Thursday, February 2, 2017

Review: When war gets personal

Review of: All the Ways We Kill and Die: An Elegy for a Fallen Comrade, and the Hunt for His Killer
Author: Brian Castner
Publisher: Arcade Publishing
Source: Library
Grade: A

How many people does it take to design the perfect IED? In All the Ways We Kill and Die, Brian Castner, combat veteran and former Explosive Ordinance Disposal officer, posits an answer. Maybe it only takes one, a single shadowy figure who he calls the Engineer. And after Castner’s best friend and fellow EOD member is killed in Afghanistan in an attack that appears deliberately aimed at the EOD team, he sets out on the Engineer’s trail.

Because it’s not enough to kill the person who set off the bomb, or those who made it, or even those who incited the attack. Nothing less than killing the man whose mind devised the bomb, and aimed it at his friend will satisfy him.


His quest will take him halfway around the world, and through years of work with EOD, both with the military and as a civilian contractor. Along the way, he introduces readers to military amputees and forensic teams both military and civilian, pilots who fly planes and those who fly remotely piloted aircraft (“drone was a term used by those who didn’t like them”), collectors and analysts of the biometric data used to locate bombers, even a killer for hire identified only by an initial. “The contractor shooter world is a first-name-only world,” Castner writes. “His first name was M___.”

 “When your comrades are coming home in pieces, I had always been taught, as an EOD officer, to focus back on the device. Adjust your tactics, disarm the next one.
(Now) I felt compelled to do something more, so I turned the tables and asked a different question. Not what killed Matt, but who . . . Who is the engineer who killed my friend?”

Not an average foot soldier, not the one who mixes explosives, places them in the ground, or even sets them off. Certainly not a suicide bomber. The brain behind the bombs would have too much education, too much dedication to be squandered, Castner decides. And although with others to do the menial work, this mind, this Engineer, is unlikely to leave behind the usual sources of forensic evidence. No fingerprints, no DNA, no identifying hair or fibers.

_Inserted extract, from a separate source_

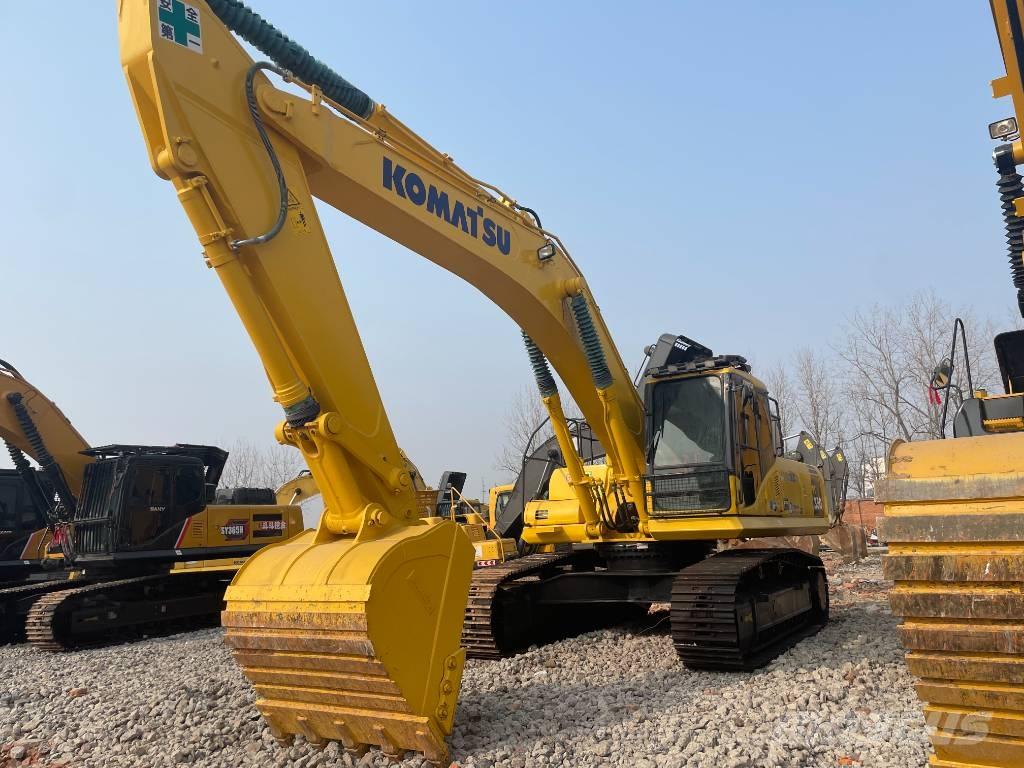 Komatsu PC 350-7 حفارات زحافة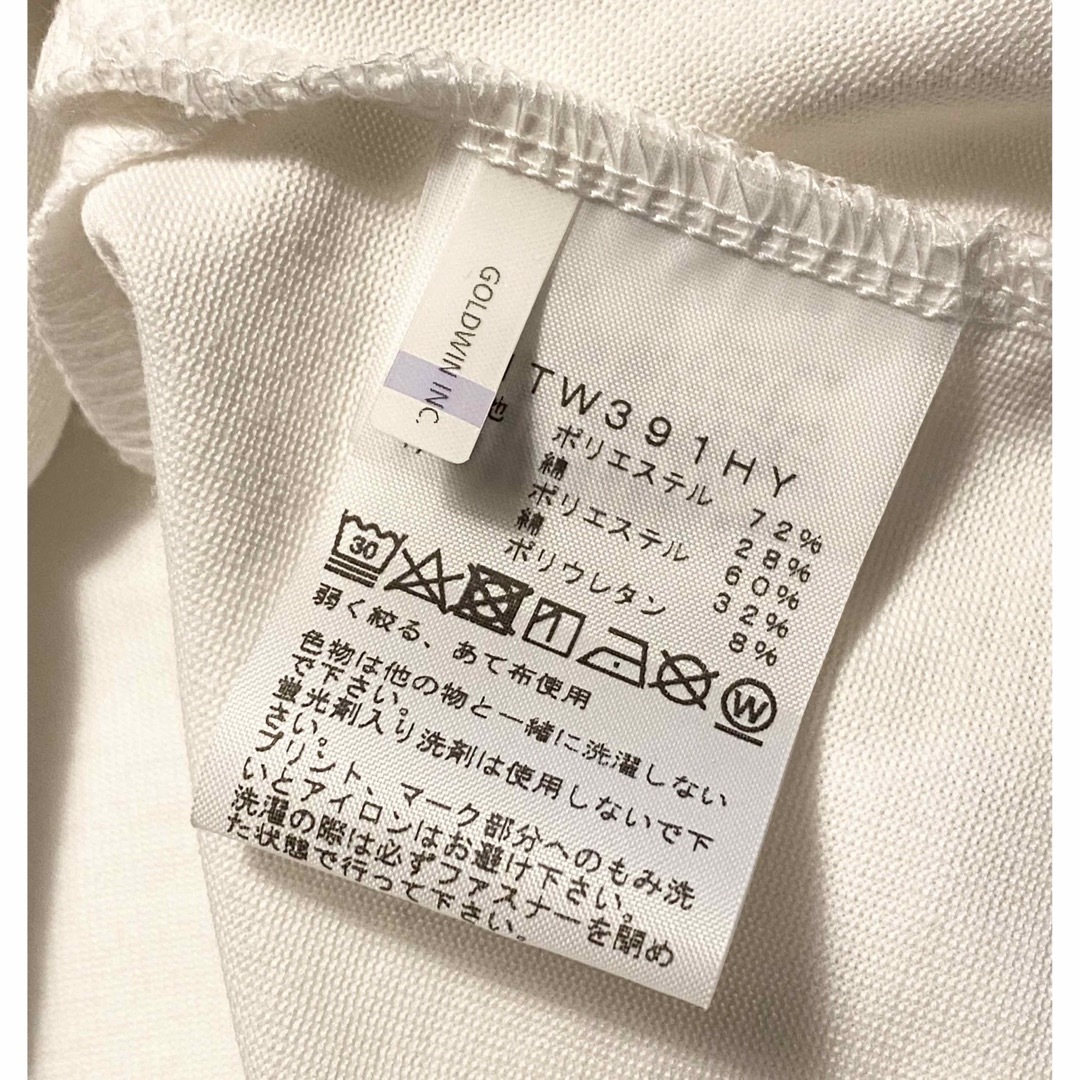 THE NORTH FACE × HYKE コラボ Tシャツ Mサイズ 新品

Even those who did leave such evidence – and lived to be interrogated about it – won’t, maybe can’t -- name or describe him.

Considering how many IEDs there are, spread across countries from Kosovo to Afghanistan, with bomb-making recipes available on the internet, it is reasonable to believe a single man, or even a small group, could be behind their making? Castner makes a compelling case for the Engineer’s existence, including guesses about his nationality, the universities he may have attended, even his age. But ultimately, the question is unanswerable. At least, for now.


As with any book dealing with matters military, medical, and forensic, the text is unavoidably filled with jargon. Castner provides a glossary and notes, but I often found myself obsessively Googling words, abbreviations and phrases. Sometimes, the writer’s intent is, in fact, to overwhelm the reader in an almost stream of consciousness manner. (See the chapter entitled “Helmet Fire” for an example.) None of the this diminishes -- if at all, it enhances --  the sheer power of the story Castner tells. My only caveat – don’t read it just before you turn out the lights.